Recently I have been presented with the problems of repairing or changing the color of Indian made polished brass objects, usually to brown or grey tones. In one case the object was a Shiva which was about three feet high and across.
Warning: This procedure should be undertaken with appropriate precautions; goggles, gloves, protective clothing, adequate ventilation.
It was cast brass in a hollow core technique and had a number of parts separately cast and then brazed together and the surface finished. This was not immediately evident and occasioned some slightly irritating moments when pickling liquids (which I now do not recommend using) were trapped in several different sections and had to be first driven out through tiny holes with heat and then neutralized and rinsed.
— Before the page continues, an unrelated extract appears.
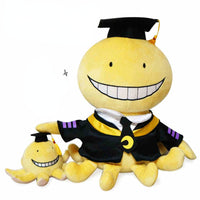 Assassination Classroom Koro-sensei Peluche Poupée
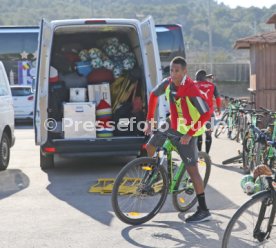 VfB Stuttgart Trainingslager La Manga 2018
The Shiva had been partly ground at by the owner which had removed a darkened copper plating on the cast brass and revealed the bright yellow core. The request was for a grayish patina, fairly bright with a hint of bluish green. As nothing would match reactions on both surfaces and in order to start with a uniform metal type I decided to plate the object. The same technique worked well later on a pair of 5′ brass cobras destined to be part of a lighting company’s offering. They asked me to change the patina on the snakes from a tan brown to a glossy reddish black with blue hints.
The first time I mixed up a plating solution and used a (DC) wired brush and rectifier to plate with. While this worked I found that precipitating the copper on the cleaned brass surface was easier using a contact plating technique and steel wool as the precipitating agent. Zinc would also be electro-chemically active in this regard.
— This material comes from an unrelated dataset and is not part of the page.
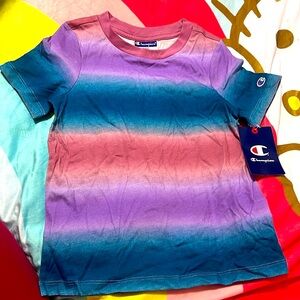 Champion Toddler Tshirt size 5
I found that the fineness of the steel wool made a difference. The finer the steel wool the faster it precipitated the copper. Because it had a great deal of surface area most of the available copper ions were used up in reacting and plating out onto it leaving little behind in the solution to be precipitated onto the brass.
The best grade I found that caused the plating reaction without using up too much of the copper solution on itself was medium grade Bulldog® steel wool. Wearing goggles, rubber apron and gloves I would pour some of the plating solution onto a steel wool pad and slowly wipe the wool with slight pressure over the surface of the brass. Several passes were necessary to effect a good plating. It was very important to be clean beforehand; to have properly cleaned the base metal and rinsed it well. A good deal of rinse water was also used after applications of the copper plating solution.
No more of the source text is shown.